Donnery highlights geopolitical, digital risks for banks
Sharon Donnery, Member of the Supervisory Board of the ECB, outlined key risks to European financial stability, including geopolitical tensions, digital transformation, and the need for timely remediation of supervisory issues.
Geopolitical and digital challenges ahead
Sharon Donnery, Member of the Supervisory Board of the ECB, outlined three key priorities for European banking resilience: strengthening against geopolitical risk, ensuring timely remediation of supervisory issues, and implementing sound digital transformation strategies, including AI.
She stressed that despite past resilience, banks must not be complacent.
Geopolitical risk demands a deep understanding of exposures across the real economy, financial markets, and operational security, impacting credit and market risk.
The SSM's ongoing reverse stress test for geopolitical risk requires banks to model scenarios causing a 300 basis point capital depletion, aiming to foster individual bank capabilities in scenario planning.
Results are anticipated later in the summer.
Donnery also highlighted the rapid pace of digitalization, cyber resilience, and AI, stressing banks' need to address vulnerabilities, particularly under the Digital Operational Resilience Act (DORA).
SREP reforms and suptech integration
The ECB has reformed its Supervisory Review and Evaluation Process (SREP) and Pillar 2 requirement (P2R) methodologies for simplicity, clarity, and transparency, aiming for quicker bank feedback.
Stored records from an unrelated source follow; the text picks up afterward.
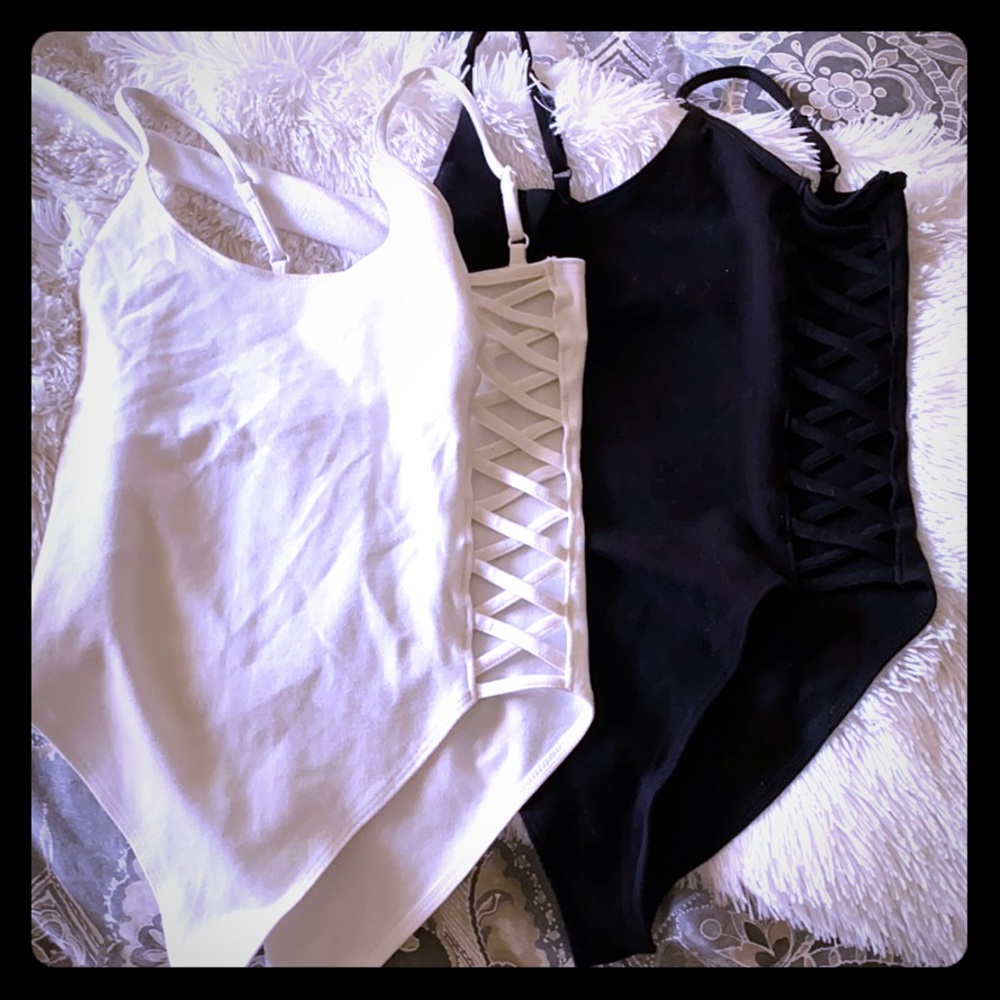 Black and White Body Suit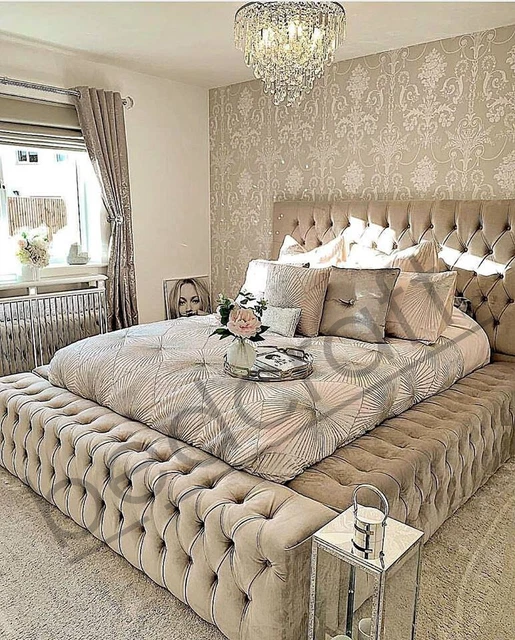 Ambassador windermere crushed velvet bed frame deals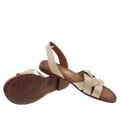 skórzane buty 40185 Lemar Lemar 40185 beżowy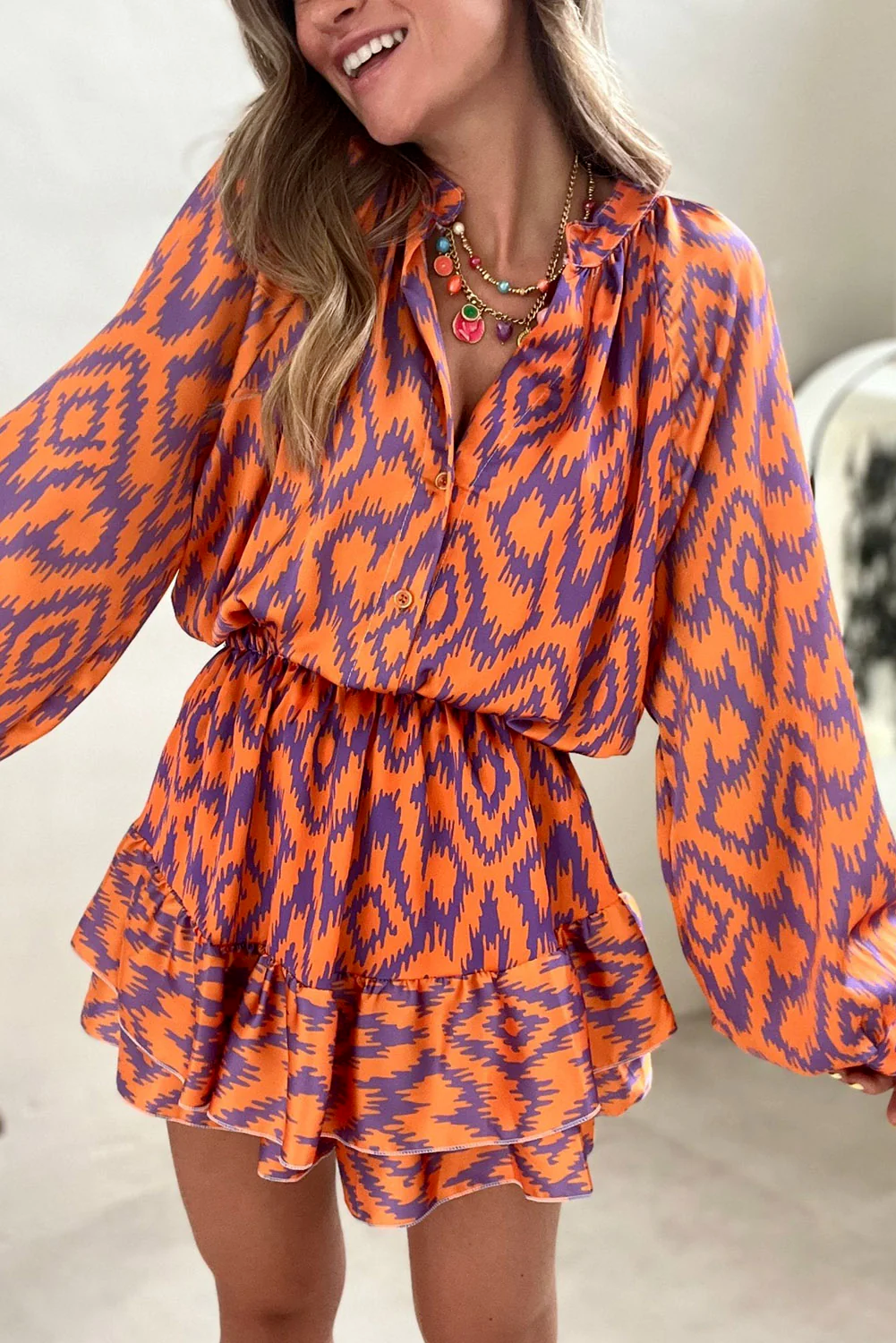 Tribal Charm Bubble Romper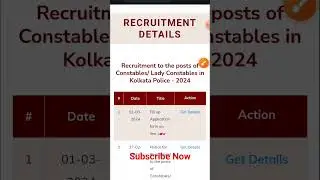 Kolkata Police Constable 2024 Form Fill Up Start💥 | WBP Constable New Vacancy 2024 #kp #wbp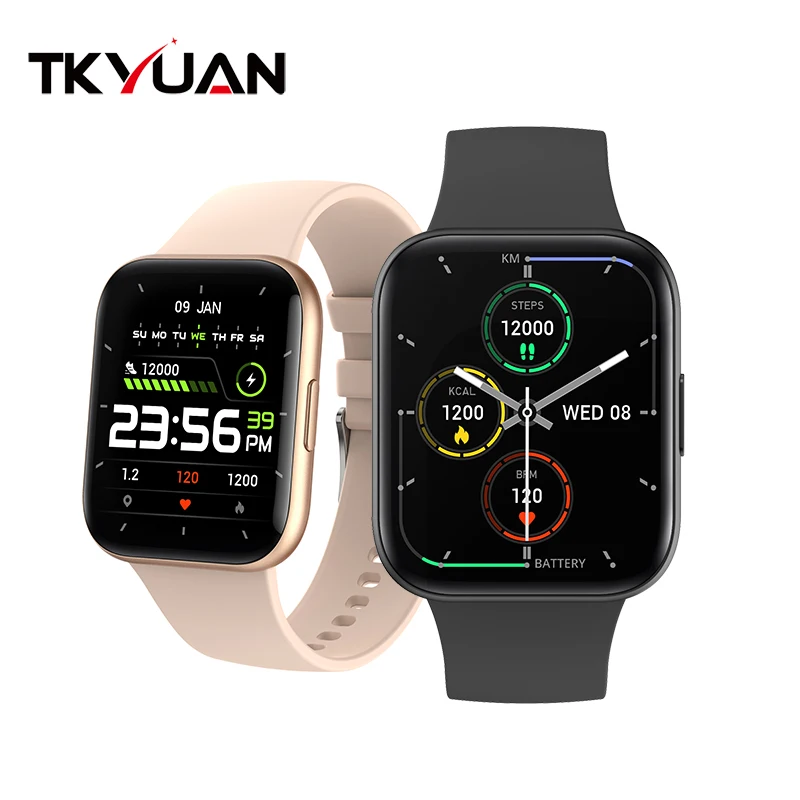TKYUAN Oem Smartwatch Reloj Inteligente Fitness Blood Pressure Ce Rohs Manual Manufacturers Cheap Touch Screen Smart Watch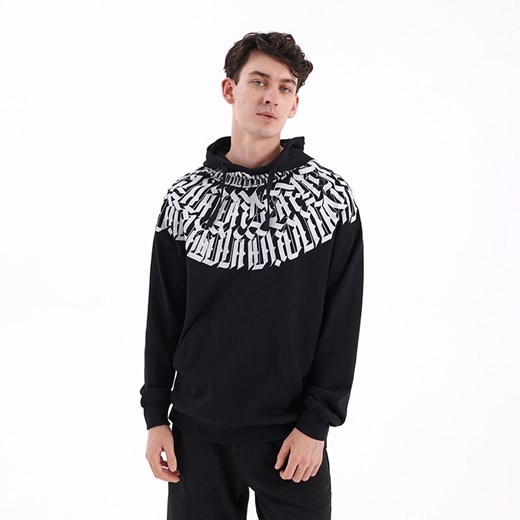 Bluza z kapturem oversize - Czarny House XL wyprzedaż House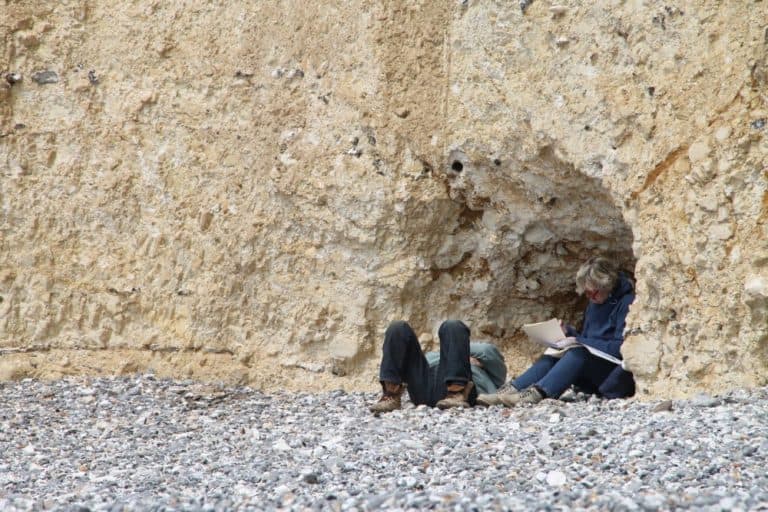 England, Beachy Head – having rest, July, 2014 (Eastbourne)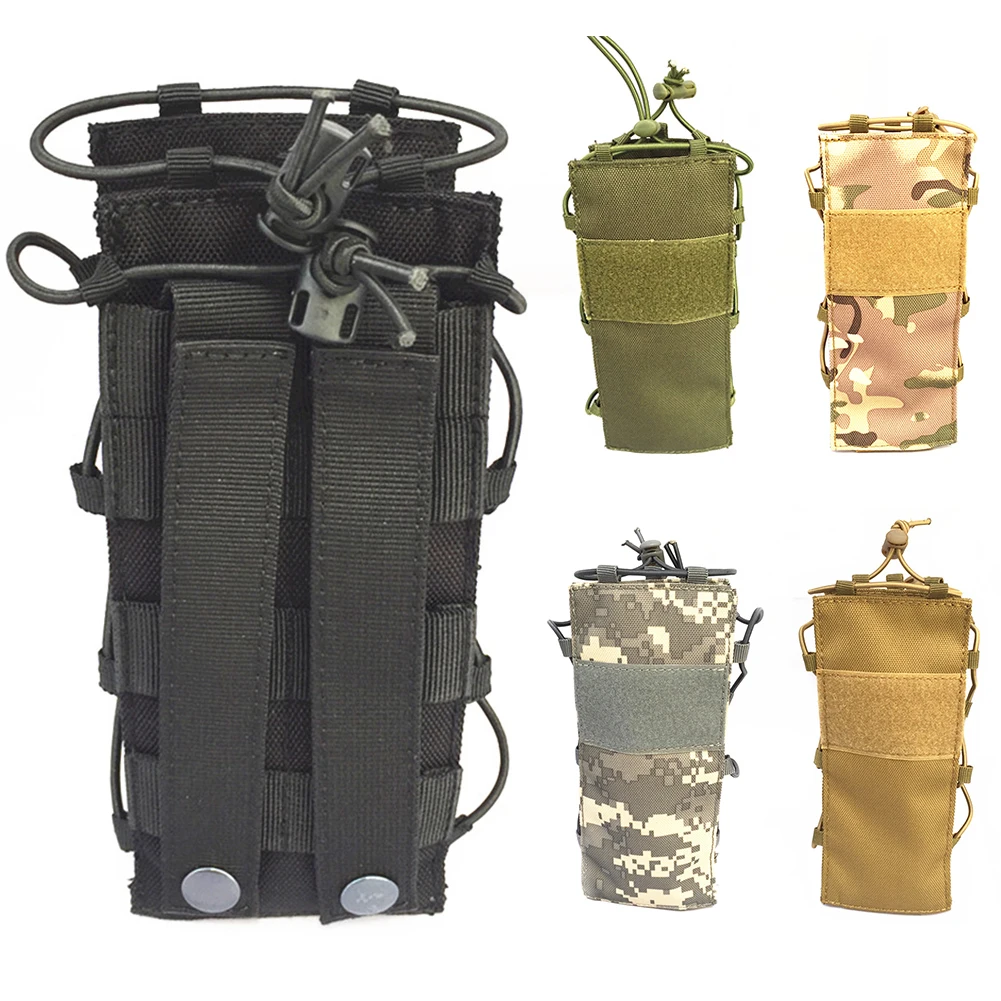 На открытом воздухе Molle бутылка для воды сумка тактическая Шестерня чайник сумка для армейских фанатов скалолазание кемпинг походные сумки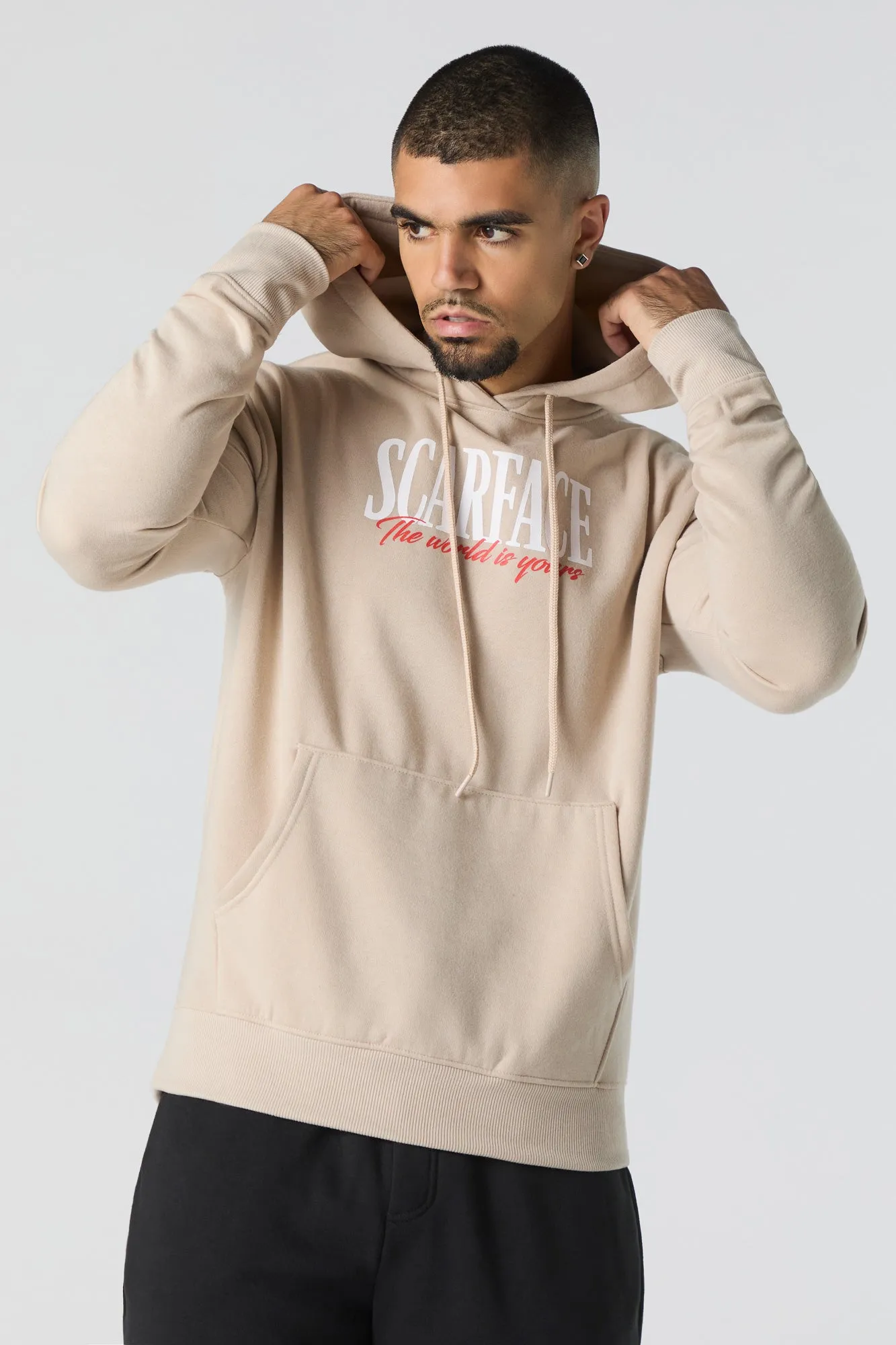 Scarface Graphic Fleece Hoodie sold by Urban Planet product image thumbnail 2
Donnery affirmed "constrained supervisory judgement" remains central, backed by internal quality assurance and benchmarking.
The goal is a direct link between capital requirements and risk assessment, avoiding Pillar 1 and Pillar 2 overlaps.
The ECB's supervisory model integrates horizontal expert teams with vertical Joint Supervisory Teams (JSTs) and on-site inspectors, combining bank-specific perspectives with specialized expertise.
The "next-level supervision" program further improves coordination and leverages suptech tools to streamline processes, freeing supervisors for core matters and emerging risks.
Proportionality's double-edged sword
The debate on raising the Basel rules threshold for smaller banks highlights the inherent tension between simplification and financial stability.
While proportionality aims to ease regulatory burden, the risk of inadvertently creating systemic vulnerabilities, as seen with past regulatory adjustments, remains a critical concern.
Supervisors must carefully balance tailored frameworks with robust oversight to prevent future crises.